It’s simple math. Three strikes laws were good ones. Say there was a ridiculously high false positive rate of 1 in 10, or 10%. 1/10 x’s 1/10 x’s 1/10 is a false positive rate of 1/1000. For those who claim an unfair sentence of life in prison, say of a third strike for a theft of a pizza, then the “enhanced” sentence could be a blend of those prior sentences for such crimes previously convicted of. So a pizza theft might get 10 years rather than probation—but not life. Violent crimes are excluded from blending.

The real problem is we are now a society which has lost its will to survive and thrive. This being due to the aspect of multiculturalism stemming from demographic change. Since much crime differences are directly and observably correlated with race/culture. One can’t arbitrarily punish crime per se, as “Justice” is not blind, but must be distributed “equality” across racial lines.

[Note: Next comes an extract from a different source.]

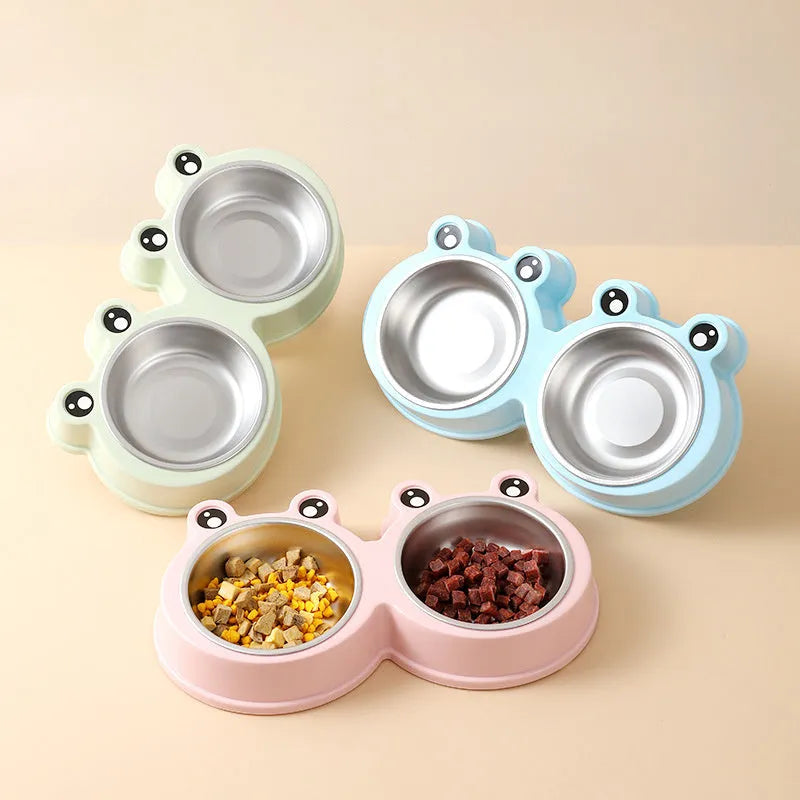 Stainless steel double pet bowl with frog-shaped non-slip base in blue, green, and pink colours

We actually saw this even in our public school systems starting with the Obama administration where discipline, such as expulsions were tracked as to racial application. Example, if you expelled more unruly Blacks than Whites—Blacks of course having a hire percentage of unruly students—you were liable to have Fed funds impounded. Discipline was therefore mandated to be rationed equally across racial lines—regardless of racial proclivities to such offence.

Our pathological equalitarianism will be the end of us—at least as an advanced and civilized 1st world society.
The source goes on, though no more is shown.